Oh! venerated Goddess! why art thou silent?

Hermes
And how could she speak to the spectators? She is too angry at all that they have made her suffer.

Trygaeus
[660] At least let her speak a little to you, Hermes.

Hermes
Tell me, my dear, what are your feelings with regard to them? Come, you relentless foe of all bucklers, speak; I am listening to you. Peace whispers into Hermes' ear. Is that your grievance against them? Yes, yes, I understand. Hearken, you folk, this is her complaint. [665] She says, that after the affair of Pylos she came to you unbidden to bring you a basket full of truces and that you thrice repulsed her by your votes in the assembly.

Trygaeus
Yes, we did wrong, but forgive us, for our mind was then entirely absorbed in leather.

Hermes
[670] Listen again to what she has just asked me. Who was her greatest foe here? and furthermore, had she a friend who exerted himself to put an end to the fighting?

Trygaeus
Her most devoted friend was Cleonymus; it is undisputed.

Hermes
How then did [675] Cleonymus behave in fights?

Trygaeus
Oh! the bravest of warriors! Only he was not born of the father he claims; he showed it quick enough in the army by throwing away his weapons.

Hermes
There is yet another question she has just put to me. [680] Who rules now in the rostrum?

Trygaeus
It's Hyperbolus who now holds empire on the Pnyx. To Peace. What now? you turn away your head!

Hermes
She is vexed, that the people should give themselves a wretch of that kind for their chief.

Trygaeus
[685] Oh! we shall not employ him again; but the people, seeing themselves without a leader, took him haphazard, just as a man, who is naked, springs upon the first cloak he sees.

Hermes
She asks, what will be the result of such a choice by the city?

Trygaeus
We shall be more far-seeing in consequence.

Hermes
And why?

Trygaeus
[690] Because he is a lamp-maker.
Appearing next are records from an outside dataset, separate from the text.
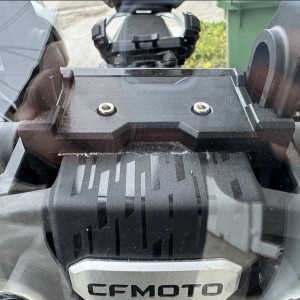 Βάση Σταθεροποίησης Ζελατίνας CFMOTO 450 MT  - 3D Print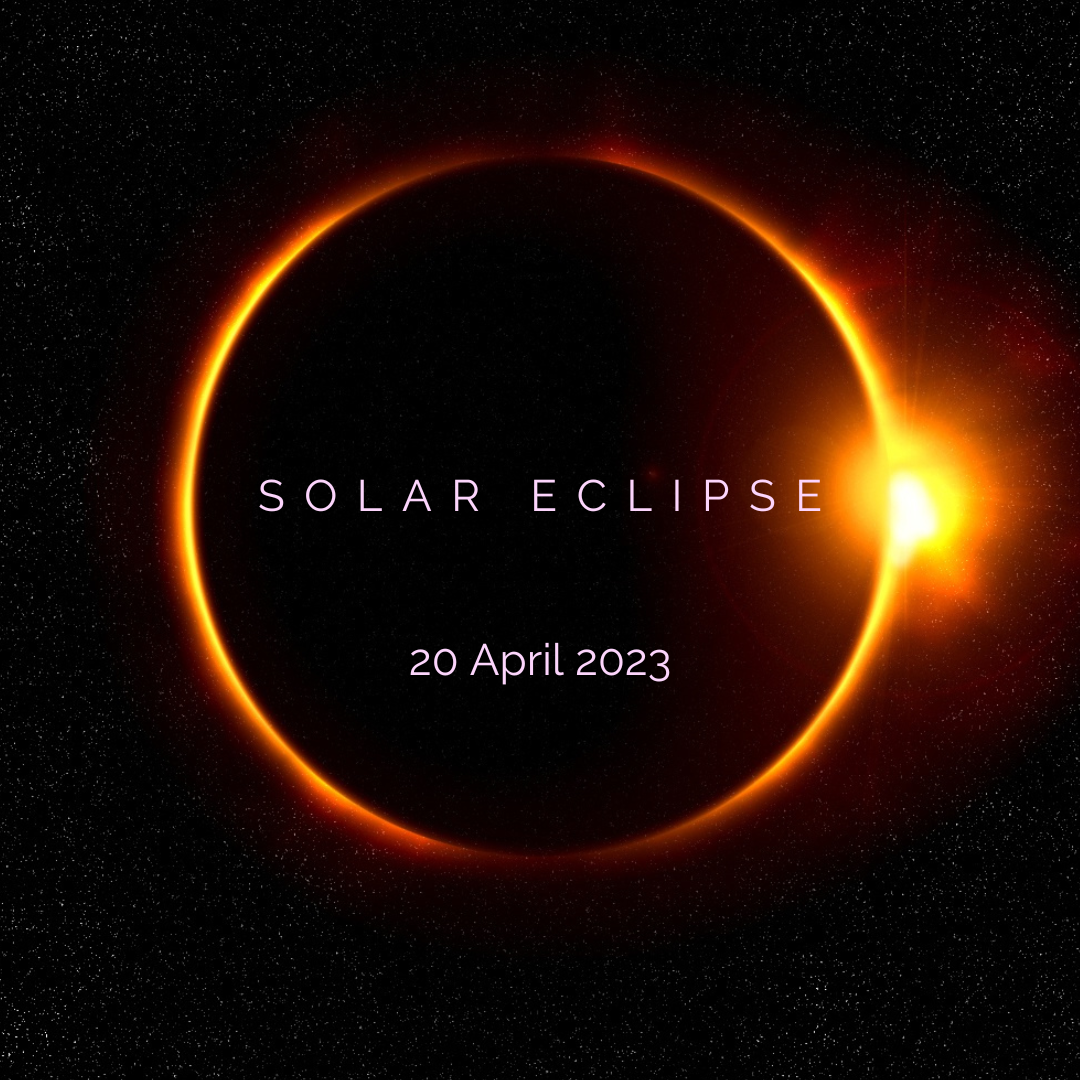 solar eclipse 20 April 2023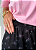 Saia Midi Tule Floral - Imagem 9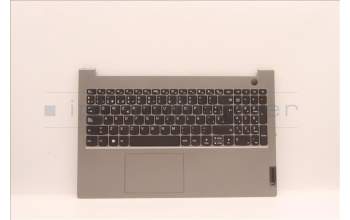 Lenovo 5CB1J09304 Tastatur inkl. Topcase spanisch C21DJ MGNBL
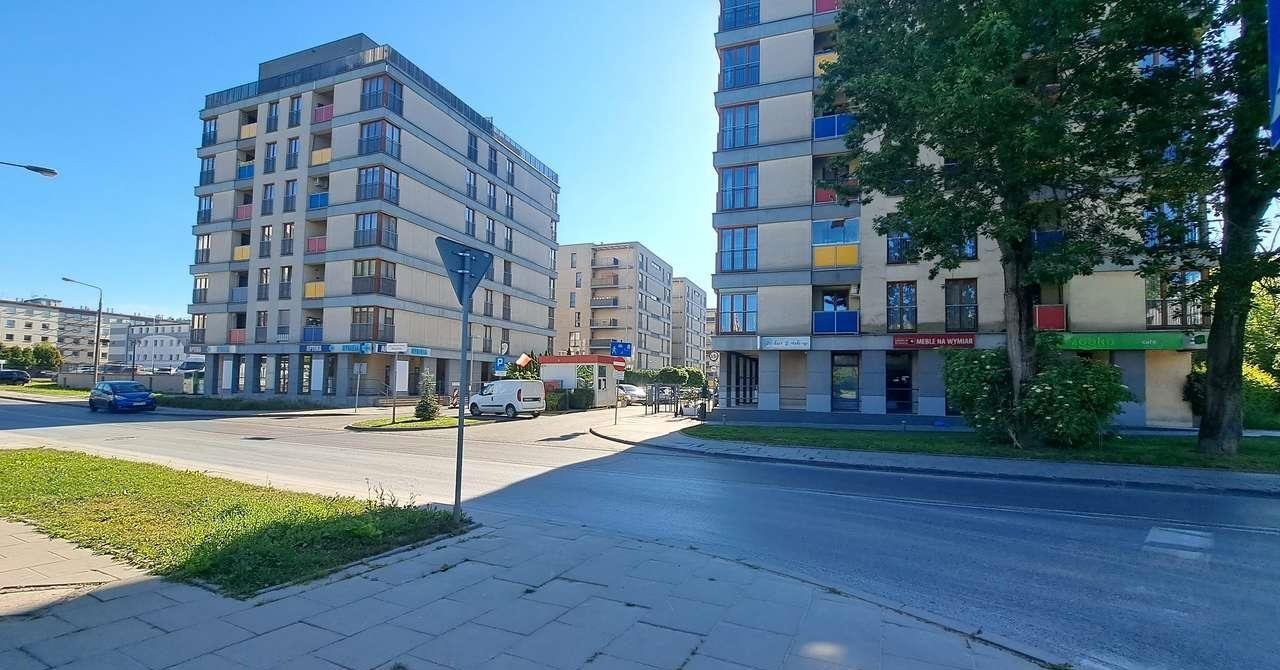 Garaż na wynajem Kraków, Prądnik Biały, os. Wolfganga Amadeusa Mozarta  18m2 Foto 1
Formerly we only directed our business by groping in the dark; now we shall only deliberate by lamplight.

Hermes
Oh! oh! what questions she does order me to put to you!

Trygaeus
What are they?

Hermes
She wants to have news of a whole heap of old-fashioned things she left here. [695] First of all, how is Sophocles?

Trygaeus
Very well, but something very strange has happened to him.

Hermes
What then?

Trygaeus
He has turned from Sophocles into Simonides.

Hermes
Into Simonides? How so?

Trygaeus
Because, though old and broken-down as he is, he would put to sea on a hurdle to gain an obolus.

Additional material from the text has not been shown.